Wednesday, October 19, 2016

Bryan Koberlein article - AN ELEGANT WEAPON

Published on the Brian Koberlein blog at, and found in G+ as a post to an Educational community.

An Elegant Weapon

Mathematics is the language of science. From arithmetic to group theory, mathematics builds the very foundation of scientific models. We might be inspired by an idea or analogy, but the precision of science requires a mathematical structure. Perhaps the most fundamental thing we’ve learned about the cosmos is that it has a deep connection to mathematics.

This connection has raised the question about just why mathematics is so effective.
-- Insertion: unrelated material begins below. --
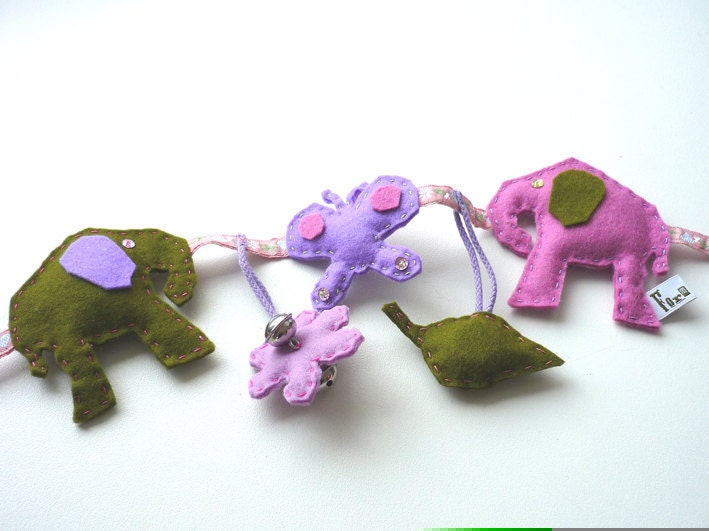 LUXURY / Pram toy ELEPHANT and BUTTERFLY /decorate the nursery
Perhaps it’s simply due to the fact that we follow mathematical models where they are useful, and discard them where they are not, making applied mathematics self-selecting. Perhaps it’s because as evolved primates within this physical universe the mathematics we think is “pure” is simply a reflection of how our universe works. Regardless of the cause, mathematics seems unreasonably effective as physicist Eugene Wigner once argued. It’s so powerfully useful that some folks such as Max Tegmark have proposed that the structure of the Universe could simply be the structure of mathematics itself. Gallons of ink have been spilled on all sides.

But the very power of mathematical models within science also raises a wall separating those with the mathematical training to understand these models from those without. This is particularly seen in the popularization of science where (with some exceptions) equations never appear, and the focus is on broad analogies rather than the underlying maths. This reinforces the misconception that established science can be overturned simply be a new idea, and that the mathematics is merely a minor detail. The reality is that an idea can be a spark, but fire of knowledge is only captured with specific mathematics, and it’s in the mathematics where much of the beauty an elegance of a scientific model lies. The mathematics of science can be deep and subtle, and its nature is not often discussed.

So for the next several posts I’ll try to present some of the mathematical beauty behind several scientific theories:

Geometry – From Aristotle’s conception of earthly lines and heavenly circles, to Kepler’s elliptical forms, geometry has played a central role in astronomy. As we followed geometry into more abstract concepts, it opened the doors to the beginning of time.

Vectors and Fields – Forces have both a quantity (magnitude) and direction. In mathematics we call them vectors. From that simple mathematical concept arose the first unified field theory.

Complex Numbers – It was long thought that any number multiplied by itself is a positive number. But what if a number multiplied by itself was negative? This idea was so odd it came to be known as imaginary. It turns out that imaginary numbers open the door to very real physics.

Group Theory – We often think of mathematics as numbers, or at least equations. But it can also be about relationships and connections. Often how different parts of a model connect is the key to understanding the model on a deeper level.

Formalism – Is mathematics simply a set of connected rules, or is it something more? Does mathematics limit what we can know about the physical universe?

We’ll start with geometry, and how a simple curve tracing the motion of a planet led us to an exploration of space and time itself. It all begins tomorrow.

Paper: Wigner, E. P. The unreasonable effectiveness of mathematics in the natural sciences. Communications on Pure and Applied Mathematics. 13: 1–14 (1960). DOI:10.1002/cpa.3160130102

Paper: Max Tegmark. Is “the theory of everything” merely the ultimate ensemble theory? arXiv:gr-qc/9704009 (1998).